Mostly; the person who writes the code decides the memory access patterns by the choices they make.
For a silly example; if you decide to iterate through an array (like for(i = 0; i <= size; i++) { do_something(&my_array[i]); }
) then you've caused a nice linear access pattern; and if you decide to iterate through a linked list instead (like while(current != NULL) { do_something(current); current = current->next; }
) then you'll probably have a relatively erratic access pattern.
However; in some cases the compiler/linker may try to optimize the memory access patterns. This mostly only changes the fine details slightly (the exact order of individual reads/writes and not the overall pattern itself), but there are cases where a compiler can do more pronounced optimizations (primarily involving nested loops and arrays).

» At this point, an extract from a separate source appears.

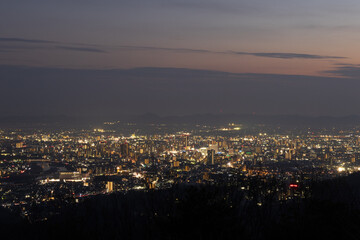 とても美しい日本の岡山県岡山市の笠井山の夜景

Note 1: It's likely that the result will be a "virtual memory access pattern". Underneath there will be a full memory hierarchy - the OS will control the mapping of virtual memory to physical memory (and handle things like swap space, etc); and then there will be multiple levels of caches and other "cache like things" built into the hardware. None of this matters. It complicates what is actually being accessed (which part of which cache, or which physical memory, or which part of swap space, or...) but accesses will still occur in the same order (and in the same pattern) regardless of what is actually being accessed.
Note 2: A typical program is rarely a simple/single algorithm. If a program (a web browser, a computer game, a compiler, ...) has hundreds of pieces then the program's access pattern will be some combination of the individual access patterns of each piece.